GraphD: Fast Out-Of-Core Pregel-Like Graph Processing

GraphD is the right tool if you find that your graph runs out-of-memory in existing in-memory Pregel-like system on your cluster. As an illutration, on our 15-machine cluster, it takes merely 250 seconds in each superstep to compute PageRank on the ClueWeb graph with 978,408,098 nodes and 42,574,107,469 links.

GraphD adopts a novel distributed semi-streaming model, where each machine only holds its portion of the vertex states in main memory, and edges and messages are streamed on local disk efficiently.

Unlike other disk-based systems, we handle sparse data access (i.e., when only a few vertices participate in computation) to avoid scanning the whole graph in each superstep.

We use multithreading to perform computation (i.e., message generation) and communication (i.e. message transmission) in parallel, by caching unsent messages on local disks.
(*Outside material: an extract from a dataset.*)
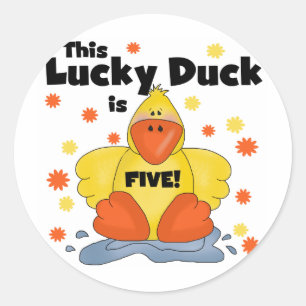 Lucky Duck 5th Birthday Tshirts und Geschenke Runder Aufkleber
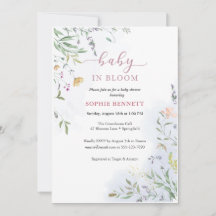 Delicate Floral Baby Shower Invitation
For Gigabit Ethernet, GraphD is comparable to the in-memory Pregel+ system since the disk streaming cost is totally hidden in that of message transmission; while if the network is very fast, the performance is limited by the sequential disk-IO bandwidth.

When combiner is applicable, one may run our code in recoded mode, which performs both sender-side and receiver-side message combining in main memories, and thus avoids caching incoming messages to local disks and can often beat Pregel+ when Gigabit Ethernet is used.